The 5.0-percent year-on-year increase in casino gross gaming revenue (GGR) in Macau was “better than expected,” surpassing the market’s consensus estimate, said two separate brokerages.
Macau’s casino GGR reached MOP21.19 billion (US$2.62 billion) in May, showed data released on Sunday by the city’s Gaming Inspection and Coordination Bureau.
The latest monthly figure was the highest monthly tally post-Covid, according to official data.
The May GGR result “comfortably” surpassed “the consensus estimate of +2 percent year-on-year,” stated JP Morgan Securities (Asia Pacific) Ltd in a Sunday memo.
“Recall, the bar wasn’t low, i.e., Street expectations were already adjusted upward – from an initial -1 percent year-on-year to +2 percent – to reflect the strong Golden Week, and the clean beat is impressive given the ongoing macro headwinds,” wrote analysts DS Kim and Selina Li.
They added: “The print translates into a recovery rate of 82 percent versus pre-Covid, the best since re-opening, and we estimate mass/slot has recovered to 120 percent to 121 percent versus VIP at 24 percent to 25 percent.”
Vitaly Umansky, senior analyst at Seaport Research Partners, wrote in a Sunday report that May this year had an extra Saturday, noting that weekend days “are generally 20-percent-plus higher in GGR than midweek”.
He further observed: “The Dragon Boat holiday was early this year, starting on May 31, rather than mid-June as was last year.”
A number of brokerages had earlier mentioned “strong gaming demand” at the beginning of the month, the time of a five-day mainland China holiday encompassing Labour Day on May 1.
Macau’s authorities said the daily average for arrivals during that early-May break – which ran from May 1 to May 5, and is also known as ‘May Golden Week’ – topped 170,000. That resulted in more than 850,000 arrivals in aggregate across the holiday season.
“The May Golden Week… was strong and the fall off following the holiday was not as large as some had anticipated,” stated Mr Umansky in Sunday’s note.
He added: “We conservatively estimate June GGR to be +3.4 percent year-on-year, -13.7 percent month-on-month.”
JP Morgan also noted that combined GGR for April and May was up 3 percent year-on-year, “translating into sequential growth of +2 percent – versus first-quarter run-rate – to buck the typical second-quarter seasonality of -2 percent to 3 percent quarter-on-quarter”.
The institution added: “Even with some moderation in June, second-quarter 2025 estimate appears to be the first ‘non-miss’ quarter in quite some time, likely growing by +2 percent to 3 percent year-on-year or +1 percent quarter-on-quarter”.
The “better-than-feared” first-quarter earnings season for Macau’s gaming industry and “two consecutive GGR beats” in April and May “have shown that the market demand and earnings are far more resilient than anticipated,” said the JP Morgan team.

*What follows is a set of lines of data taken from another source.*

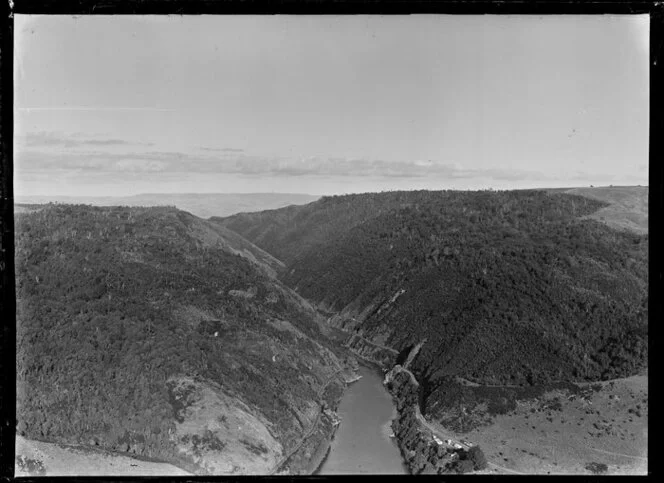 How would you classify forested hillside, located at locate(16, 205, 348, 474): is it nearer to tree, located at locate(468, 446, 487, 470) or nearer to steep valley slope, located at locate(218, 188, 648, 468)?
steep valley slope, located at locate(218, 188, 648, 468)

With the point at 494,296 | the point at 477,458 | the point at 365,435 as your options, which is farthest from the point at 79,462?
the point at 494,296

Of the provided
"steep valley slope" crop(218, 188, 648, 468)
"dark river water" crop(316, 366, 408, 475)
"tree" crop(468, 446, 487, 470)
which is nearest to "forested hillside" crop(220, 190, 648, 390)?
"steep valley slope" crop(218, 188, 648, 468)

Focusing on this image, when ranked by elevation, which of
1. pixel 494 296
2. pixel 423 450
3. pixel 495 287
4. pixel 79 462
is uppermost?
pixel 79 462

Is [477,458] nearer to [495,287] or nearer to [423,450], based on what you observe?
[423,450]

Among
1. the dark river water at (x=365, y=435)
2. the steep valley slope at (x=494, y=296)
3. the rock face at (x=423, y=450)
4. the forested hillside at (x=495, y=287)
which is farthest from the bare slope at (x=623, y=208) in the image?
the dark river water at (x=365, y=435)

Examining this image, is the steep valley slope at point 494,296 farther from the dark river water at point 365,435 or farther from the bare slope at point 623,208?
the dark river water at point 365,435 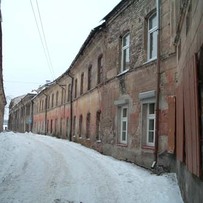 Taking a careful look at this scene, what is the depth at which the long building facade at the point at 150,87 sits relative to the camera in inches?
254

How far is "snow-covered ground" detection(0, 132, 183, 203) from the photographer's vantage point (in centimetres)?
831

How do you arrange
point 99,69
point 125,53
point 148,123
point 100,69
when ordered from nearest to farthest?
1. point 148,123
2. point 125,53
3. point 100,69
4. point 99,69

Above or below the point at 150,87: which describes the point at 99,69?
above

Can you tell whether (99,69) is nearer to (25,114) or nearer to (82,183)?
(82,183)

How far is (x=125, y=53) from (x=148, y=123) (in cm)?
408

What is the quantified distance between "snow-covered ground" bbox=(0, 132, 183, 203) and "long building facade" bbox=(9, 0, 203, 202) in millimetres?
591

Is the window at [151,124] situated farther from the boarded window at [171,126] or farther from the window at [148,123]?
the boarded window at [171,126]

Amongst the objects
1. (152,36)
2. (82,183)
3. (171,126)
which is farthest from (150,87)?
(82,183)

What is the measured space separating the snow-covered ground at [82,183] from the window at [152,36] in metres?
4.00

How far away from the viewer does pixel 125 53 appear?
16.3m

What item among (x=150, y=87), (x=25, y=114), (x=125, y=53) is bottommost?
(x=150, y=87)

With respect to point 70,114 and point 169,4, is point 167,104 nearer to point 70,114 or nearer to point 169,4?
point 169,4

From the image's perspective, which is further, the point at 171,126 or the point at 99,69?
the point at 99,69

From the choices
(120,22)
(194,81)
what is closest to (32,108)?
(120,22) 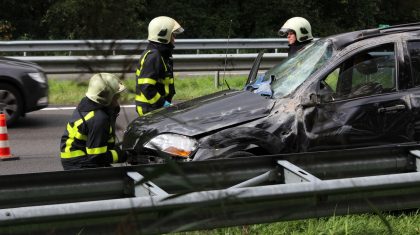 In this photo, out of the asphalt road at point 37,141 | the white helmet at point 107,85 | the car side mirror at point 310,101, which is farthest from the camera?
the asphalt road at point 37,141

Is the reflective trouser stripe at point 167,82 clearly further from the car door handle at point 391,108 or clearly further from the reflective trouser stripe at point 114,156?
the car door handle at point 391,108

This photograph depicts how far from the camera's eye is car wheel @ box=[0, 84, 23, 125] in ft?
36.1

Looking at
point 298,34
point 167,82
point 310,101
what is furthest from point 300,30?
point 310,101

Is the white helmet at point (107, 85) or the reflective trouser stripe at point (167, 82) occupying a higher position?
the white helmet at point (107, 85)

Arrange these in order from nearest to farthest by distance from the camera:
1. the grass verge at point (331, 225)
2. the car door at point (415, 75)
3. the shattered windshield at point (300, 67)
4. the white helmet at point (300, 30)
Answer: the grass verge at point (331, 225), the car door at point (415, 75), the shattered windshield at point (300, 67), the white helmet at point (300, 30)

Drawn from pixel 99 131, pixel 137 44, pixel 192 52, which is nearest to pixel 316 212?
pixel 137 44

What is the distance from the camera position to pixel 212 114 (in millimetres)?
5594

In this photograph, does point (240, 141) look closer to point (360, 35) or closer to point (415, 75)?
point (360, 35)

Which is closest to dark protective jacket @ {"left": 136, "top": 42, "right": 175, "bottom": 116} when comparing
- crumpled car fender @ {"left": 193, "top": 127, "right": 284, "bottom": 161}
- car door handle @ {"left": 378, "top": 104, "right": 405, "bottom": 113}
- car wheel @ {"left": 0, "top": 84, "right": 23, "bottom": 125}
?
crumpled car fender @ {"left": 193, "top": 127, "right": 284, "bottom": 161}

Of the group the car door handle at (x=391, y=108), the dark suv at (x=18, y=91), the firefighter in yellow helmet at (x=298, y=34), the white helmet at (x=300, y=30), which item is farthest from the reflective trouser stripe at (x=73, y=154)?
the dark suv at (x=18, y=91)

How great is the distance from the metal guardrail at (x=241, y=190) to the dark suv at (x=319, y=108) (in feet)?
3.65

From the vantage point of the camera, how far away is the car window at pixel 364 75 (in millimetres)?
5730

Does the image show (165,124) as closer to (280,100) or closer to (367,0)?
(280,100)

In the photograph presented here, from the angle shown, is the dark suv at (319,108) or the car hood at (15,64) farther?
the car hood at (15,64) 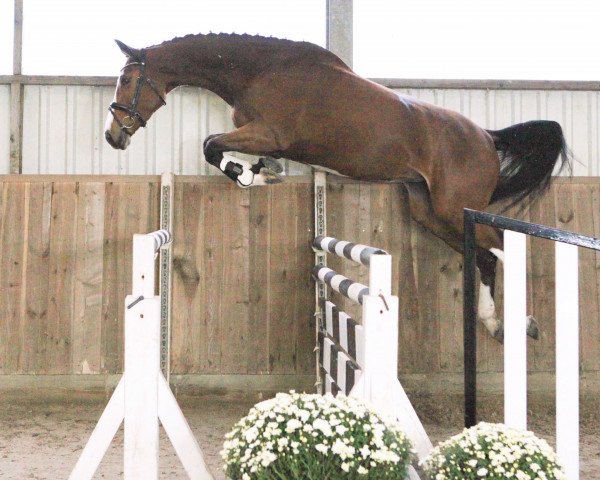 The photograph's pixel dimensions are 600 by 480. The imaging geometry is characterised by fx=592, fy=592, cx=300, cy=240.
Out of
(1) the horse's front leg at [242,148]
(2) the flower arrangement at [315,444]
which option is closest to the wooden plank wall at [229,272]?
(1) the horse's front leg at [242,148]

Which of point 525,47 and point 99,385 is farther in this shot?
point 525,47

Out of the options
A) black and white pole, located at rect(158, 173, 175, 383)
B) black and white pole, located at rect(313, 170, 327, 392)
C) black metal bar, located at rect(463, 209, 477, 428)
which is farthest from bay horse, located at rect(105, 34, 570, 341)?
black metal bar, located at rect(463, 209, 477, 428)

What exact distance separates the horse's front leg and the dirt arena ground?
1155mm

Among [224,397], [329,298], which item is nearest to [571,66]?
[329,298]

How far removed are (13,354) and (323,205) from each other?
1.74 metres

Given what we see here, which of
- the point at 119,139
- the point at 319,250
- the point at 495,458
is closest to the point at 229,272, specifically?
the point at 319,250

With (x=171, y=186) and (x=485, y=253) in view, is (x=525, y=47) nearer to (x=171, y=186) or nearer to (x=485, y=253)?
(x=485, y=253)

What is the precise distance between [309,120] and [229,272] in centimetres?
91

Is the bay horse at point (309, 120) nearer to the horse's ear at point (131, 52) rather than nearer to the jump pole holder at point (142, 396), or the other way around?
the horse's ear at point (131, 52)

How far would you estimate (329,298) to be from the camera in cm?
304

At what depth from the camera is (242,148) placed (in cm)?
263

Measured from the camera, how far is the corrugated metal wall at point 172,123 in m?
3.19

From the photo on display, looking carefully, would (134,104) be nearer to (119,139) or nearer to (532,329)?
(119,139)

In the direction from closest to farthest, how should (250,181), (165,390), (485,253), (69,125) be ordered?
(165,390)
(250,181)
(485,253)
(69,125) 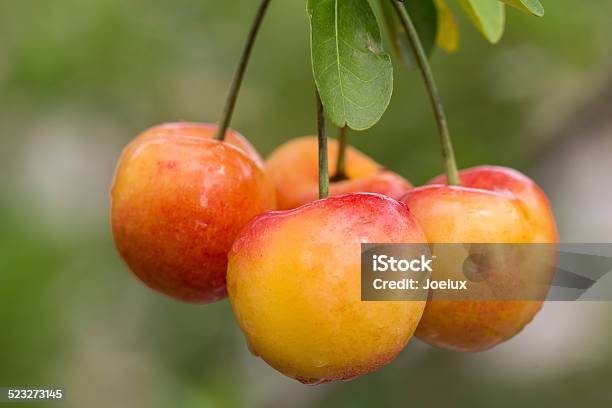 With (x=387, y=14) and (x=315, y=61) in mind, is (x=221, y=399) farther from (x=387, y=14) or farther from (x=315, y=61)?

“Our on-the-ground checks indicate a stable competitive landscape and consistent cost environment overall,” added Mr Kim and Ms Li.

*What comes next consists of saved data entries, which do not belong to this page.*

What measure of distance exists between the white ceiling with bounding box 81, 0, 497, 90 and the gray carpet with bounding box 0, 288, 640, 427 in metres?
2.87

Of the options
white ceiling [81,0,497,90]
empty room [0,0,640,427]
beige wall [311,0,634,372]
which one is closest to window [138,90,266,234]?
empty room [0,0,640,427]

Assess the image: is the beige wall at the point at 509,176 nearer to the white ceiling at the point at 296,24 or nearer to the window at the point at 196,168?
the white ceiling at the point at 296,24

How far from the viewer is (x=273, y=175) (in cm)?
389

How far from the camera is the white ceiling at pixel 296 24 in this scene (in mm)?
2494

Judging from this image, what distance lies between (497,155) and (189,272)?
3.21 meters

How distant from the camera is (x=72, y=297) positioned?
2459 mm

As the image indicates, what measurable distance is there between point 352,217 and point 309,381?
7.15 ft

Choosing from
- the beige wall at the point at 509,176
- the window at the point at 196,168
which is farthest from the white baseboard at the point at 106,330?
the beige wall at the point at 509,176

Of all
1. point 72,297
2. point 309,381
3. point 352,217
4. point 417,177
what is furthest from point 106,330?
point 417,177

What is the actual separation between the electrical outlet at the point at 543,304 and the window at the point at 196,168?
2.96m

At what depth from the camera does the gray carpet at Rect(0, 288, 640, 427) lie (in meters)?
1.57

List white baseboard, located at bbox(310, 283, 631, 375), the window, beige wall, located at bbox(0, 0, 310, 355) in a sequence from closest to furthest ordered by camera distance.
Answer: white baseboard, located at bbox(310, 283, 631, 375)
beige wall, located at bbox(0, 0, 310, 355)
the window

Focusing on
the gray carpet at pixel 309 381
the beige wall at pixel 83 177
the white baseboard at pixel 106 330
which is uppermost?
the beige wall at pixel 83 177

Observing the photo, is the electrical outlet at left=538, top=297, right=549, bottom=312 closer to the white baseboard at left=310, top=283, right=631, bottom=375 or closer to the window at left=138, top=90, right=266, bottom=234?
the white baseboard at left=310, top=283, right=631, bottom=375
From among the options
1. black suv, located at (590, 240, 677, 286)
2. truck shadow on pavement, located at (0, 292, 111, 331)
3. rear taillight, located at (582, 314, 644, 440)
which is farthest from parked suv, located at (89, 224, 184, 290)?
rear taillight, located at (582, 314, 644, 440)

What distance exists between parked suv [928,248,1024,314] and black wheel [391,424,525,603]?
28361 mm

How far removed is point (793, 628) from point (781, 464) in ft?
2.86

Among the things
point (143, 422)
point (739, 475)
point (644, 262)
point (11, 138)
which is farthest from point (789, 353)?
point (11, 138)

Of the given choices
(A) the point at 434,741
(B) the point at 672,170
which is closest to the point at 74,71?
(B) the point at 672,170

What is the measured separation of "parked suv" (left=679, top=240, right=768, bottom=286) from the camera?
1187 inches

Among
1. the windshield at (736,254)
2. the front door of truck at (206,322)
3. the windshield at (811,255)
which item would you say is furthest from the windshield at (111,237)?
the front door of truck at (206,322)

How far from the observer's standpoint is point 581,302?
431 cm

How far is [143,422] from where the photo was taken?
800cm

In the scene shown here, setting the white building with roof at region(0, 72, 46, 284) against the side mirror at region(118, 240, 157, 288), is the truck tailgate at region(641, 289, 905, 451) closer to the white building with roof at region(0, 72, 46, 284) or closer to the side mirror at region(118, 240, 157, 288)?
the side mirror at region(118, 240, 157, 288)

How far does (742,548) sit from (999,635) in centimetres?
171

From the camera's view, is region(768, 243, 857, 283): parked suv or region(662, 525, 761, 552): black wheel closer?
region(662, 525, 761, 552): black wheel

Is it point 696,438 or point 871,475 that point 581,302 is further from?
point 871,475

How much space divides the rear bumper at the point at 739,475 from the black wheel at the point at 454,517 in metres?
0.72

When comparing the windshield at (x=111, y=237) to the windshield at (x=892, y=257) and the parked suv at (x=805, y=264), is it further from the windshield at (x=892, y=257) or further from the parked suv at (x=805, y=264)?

They observed: “In the ultra high-end segments – specifically direct VIPs and super premium-mass – competition has stabilised since second half 2024 and into first quarter/second-quarter-to-date, with operators seemingly in an (implicit) agreement to keep current reinvestment levels.”
The analysts added: “For other segments, Sands [China Ltd] appears to be stepping up on promotions and free offerings (e.g., food and drinks on the floor), but this is more of a laggard catchup rather than an indication of rising competition, in our view.”